Dataset extract:
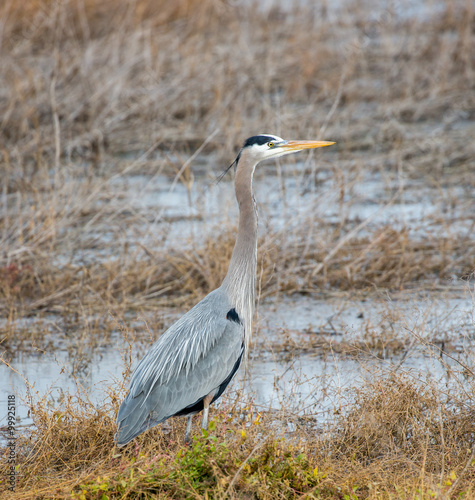 Fotografia, Obraz Great Blue Heron, Ardea Herodias, amouflaged in marshland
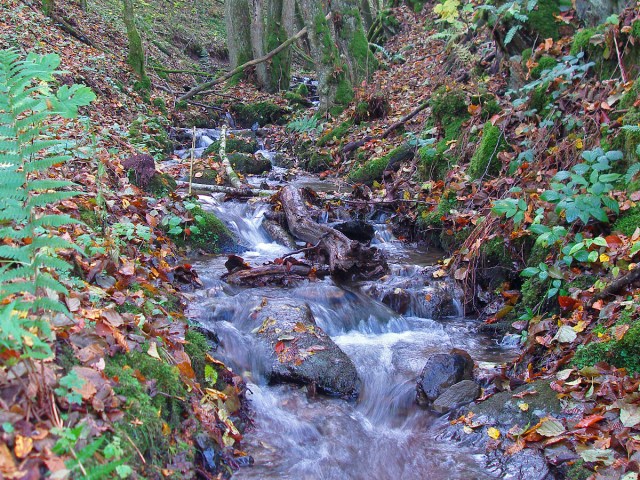 ein Bach am Wegesrand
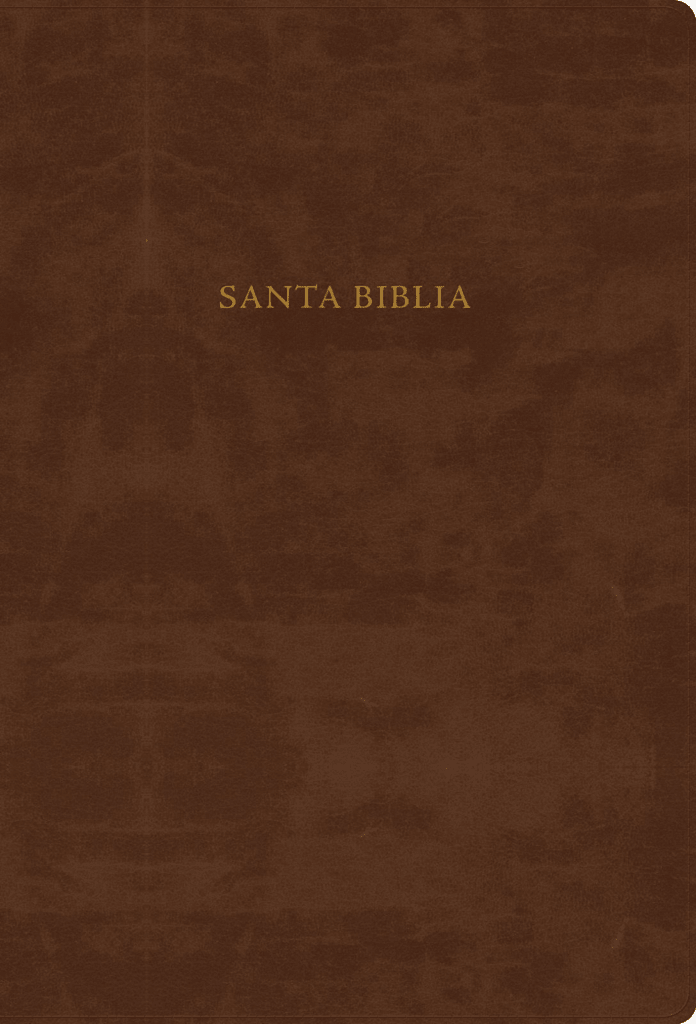 Biblia De Estudio Scofield Tapa Simil Piel Chocolate Reina Valera 1960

Work item: In your copy of the material, match every word exactly and include no pictures.

Answer to this problem:
 Fotografia, Obraz Great Blue Heron, Ardea Herodias, amouflaged in marshland
 ein Bach am Wegesrand
 Biblia De Estudio Scofield Tapa Simil Piel Chocolate Reina Valera 1960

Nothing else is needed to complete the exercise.